De Guinga, Leila reviveu em Outras caras a canção Noturna (parceria com Paulo César Pinheiro, lançada em disco em 1987 na voz de Alaíde Costa) em clima camerístico – em gravação adornada somente com o toque do violão de Marco Pereira – e apresentou a inédita Esconjuro, música valorizada por uma daqueles letras despudoradas e arretadas típicas de Aldir Blanc, autor dos versos abafados pelas cordas do arranjo de Eduardo Souto Neto.

Com suntuosidade ainda maior, o pianista Luiz Avellar arranjou samba exuberante, Eu quero ser amada, com o qual Leila se reapresentou como compositora bissexta no arremate de Outras caras, disco no qual a cantora fez bater Coração vagabundo (Caetano Veloso, 1967) com arranjo de Roberto Menescal.

Mais marcante em Outras caras foi o registro de Serra do luar (1981), música do compositor Walter Franco (1945 – 2019) à qual a cantora acoplou os versos lapidares – "Tudo é uma questão de manter / A mente quieta / A espinha ereta / e o coração tranquilo" – de Coração tranquilo (1978) com a adesão vocal do próprio Walter Franco.
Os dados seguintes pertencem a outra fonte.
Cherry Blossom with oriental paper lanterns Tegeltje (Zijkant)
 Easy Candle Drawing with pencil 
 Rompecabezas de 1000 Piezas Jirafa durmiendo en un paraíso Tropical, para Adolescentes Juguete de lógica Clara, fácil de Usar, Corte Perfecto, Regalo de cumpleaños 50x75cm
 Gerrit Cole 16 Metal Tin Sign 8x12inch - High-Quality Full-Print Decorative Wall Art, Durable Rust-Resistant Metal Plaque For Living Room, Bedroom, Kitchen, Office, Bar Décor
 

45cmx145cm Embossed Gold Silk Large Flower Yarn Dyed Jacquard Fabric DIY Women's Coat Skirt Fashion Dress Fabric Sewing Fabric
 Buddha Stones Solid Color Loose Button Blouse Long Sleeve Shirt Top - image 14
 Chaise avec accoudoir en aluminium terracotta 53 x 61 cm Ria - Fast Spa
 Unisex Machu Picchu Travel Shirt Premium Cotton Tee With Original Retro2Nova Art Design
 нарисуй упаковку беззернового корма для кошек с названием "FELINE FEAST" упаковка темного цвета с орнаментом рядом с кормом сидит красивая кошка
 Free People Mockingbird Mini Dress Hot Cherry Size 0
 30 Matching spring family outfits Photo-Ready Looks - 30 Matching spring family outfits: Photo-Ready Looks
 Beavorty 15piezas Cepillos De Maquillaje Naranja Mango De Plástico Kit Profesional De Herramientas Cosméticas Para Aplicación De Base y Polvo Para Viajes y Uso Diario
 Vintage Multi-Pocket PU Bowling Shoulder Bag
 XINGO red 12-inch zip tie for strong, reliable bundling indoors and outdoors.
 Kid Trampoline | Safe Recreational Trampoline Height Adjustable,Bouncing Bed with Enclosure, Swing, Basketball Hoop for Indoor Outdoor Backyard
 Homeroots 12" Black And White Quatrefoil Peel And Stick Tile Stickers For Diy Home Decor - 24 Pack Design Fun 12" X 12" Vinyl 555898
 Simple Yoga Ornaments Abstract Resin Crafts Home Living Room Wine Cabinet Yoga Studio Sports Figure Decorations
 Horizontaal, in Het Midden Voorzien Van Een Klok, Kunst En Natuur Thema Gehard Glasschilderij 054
Disco que apontou caminhos para o canto de Leila Pinheiro, Outras caras também mostrou a estrada de onde a artista viera no medley que, em feitio de oração, emendou Bom dia, Belém (Edyr Proença e Adalcinda Camarão, 1979) com o tema sacro Vós sois o lírio mimoso (Euclides Farias em adaptação de Leila Pinheiro).

Ouvido quase 30 anos depois do lançamento, o álbum Outras caras é o retrato perene da face mais livre dessa grande cantora do Brasil nos horizontes do mundo.